Unnamed: 0,Neighborhoods,Total Caffes,Latitude,Longitude,Labels
0,Ahmedabad Cantonment,0,23.0662,72.60219,0
1,Alam Roza,1,23.02778,72.60025,0
2,Ambawadi,11,23.01893,72.55437,1
3,Amraiwadi,0,23.00735,72.62268,0
4,Asarwa,0,23.04709,72.60481,0


In [100]:
# create map
map_clusters = folium.Map(location=[latitude, longitude], zoom_start=11)
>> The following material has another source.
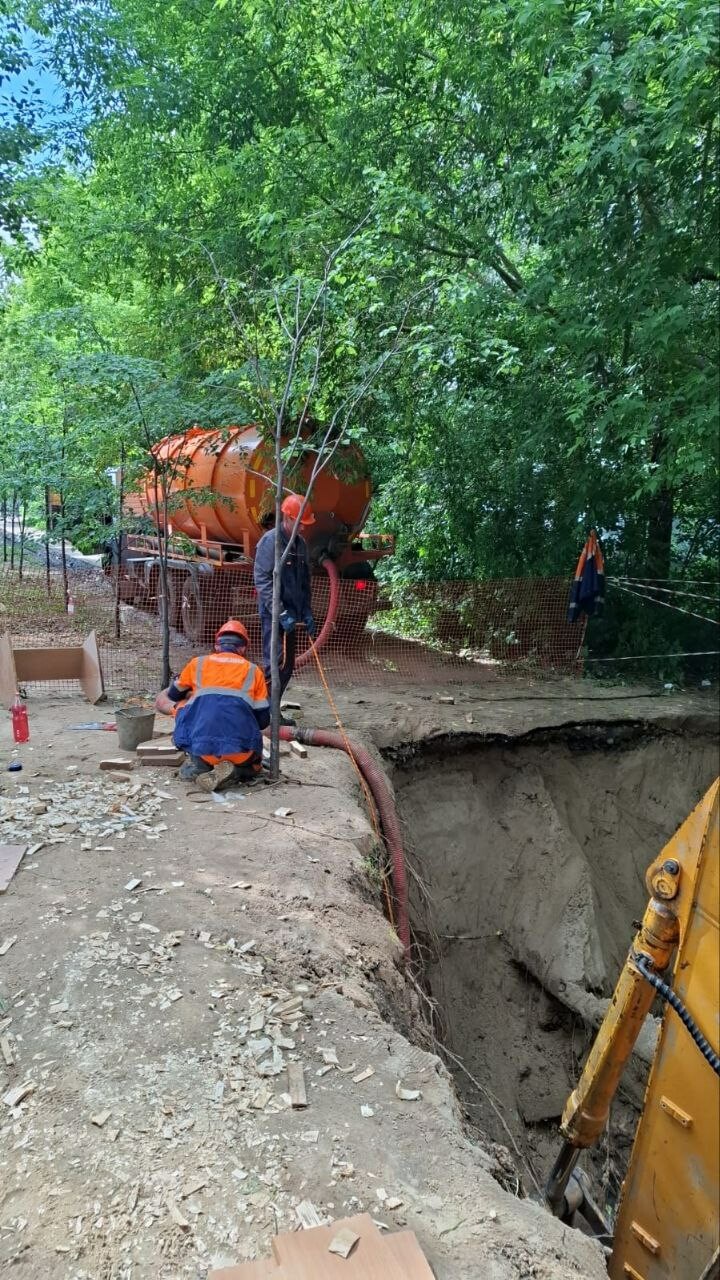 Часть домов по улице Камая в Казани осталась без воды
# set color scheme for the clusters
x = np.arange(3)
ys = [i+x+(i*x)**2 for i in range(3)]
colors_array = cm.rainbow(np.linspace(0, 1, len(ys)))
rainbow = [colors.rgb2hex(i) for i in colors_array]

# add markers to the map
markers_colors = []
for lat, lon, poi, cluster in zip(final_df['Latitude'], final_df['Longitude'], final_df['Neighborhoods'], final_df['Labels']):
    label = folium.Popup(str(poi) + ' - Cluster ' + str(cluster), parse_html=True)
    folium.CircleMarker(
        [lat, lon],
        radius=5,
        popup=label,
        color=rainbow[cluster-1],
        fill=True,
        fill_color=rainbow[cluster-1],
        fill_opacity=0.7).add_to(map_clusters)
       
map_clusters

#####Cluster 0

In [102]:
final_df.loc[final_df['Labels'] == 0]

Unnamed: 0,Neighborhoods,Total Caffes,Latitude,Longitude,Labels
0,Ahmedabad Cantonment,0,23.0662,72.60219,0
1,Alam Roza,1,23.02778,72.60025,0
3,Amraiwadi,0,23.00735,72.62268,0
4,Asarwa,0,23.04709,72.60481,0
5,Asarwa Chakla,0,23.04709,72.60481,0
6,Bahiyal,1,23.02778,72.60025,0
7,Bapunagar,0,23.03474,72.63023,0
8,Behrampura,1,23.00279,72.57705,0
10,Bopal,1,23.03032,72.47247,0
12,Chandlodiya,1,23.081329,72.548314,0


#####Cluster 1

In [103]:
final_df.loc[final_df['Labels'] == 1]

Unnamed: 0,Neighborhoods,Total Caffes,Latitude,Longitude,Labels
2,Ambawadi,11,23.01893,72.55437,1
26,"Jodhpur, Gujarat",10,23.02063,72.52522,1
38,Mithakali,12,23.02851,72.56525,1
61,Vastrapur,21,23.03721,72.53087,1


#####Cluster 2

In [104]:
final_df.loc[final_df['Labels'] == 2]

Unnamed: 0,Neighborhoods,Total Caffes,Latitude,Longitude,Labels
9,Bhairavnath Road,4,23.002636,72.598164,2
11,Chandkheda,3,23.11214,72.57989,2
22,Isanpur,3,22.97137,72.59743,2
28,Kalupur,3,23.02828,72.59374,2
29,Kalyanpura (Ahmedabad),4,23.04764,72.56149,2
30,"Khadia, Ahmedabad",3,23.02081,72.59244,2
36,Maninagar,4,23.00526,72.60731,2
39,Motera,3,23.10321,72.6051,2
40,Naranpura,5,23.05508,72.55546,2
44,Paldi,7,23.01341,72.57155,2


# Final observation

A good number of Caffe are concentrated near Sabarmati river in Ahmedabad. Cluster 1 shows the neighbourhood which has highest number of cafe in surroundings which are marked with color blue. Cluster 2 shows the moderate amount of Snacks shop in the area. This represents a great opportunity and high potential areas to open new cafe as there is very little to no competition area marked with red color. Meanwhile, Shops in cluster 1 are likely suffering from intense competition due to oversupply and high concentration of Cafes. Therefore, this project recommends Cafe frenchies owners to capitalize on these findings to open new shopps in neighbourhoods in cluster 0 with little to no competition. Owner with unique idea can also try in Cluster 2.Lastly, They are advised to avoid neighbourhoods in cluster 1 which already have a high concentration of caffes and restaurents and suffering from intense competition.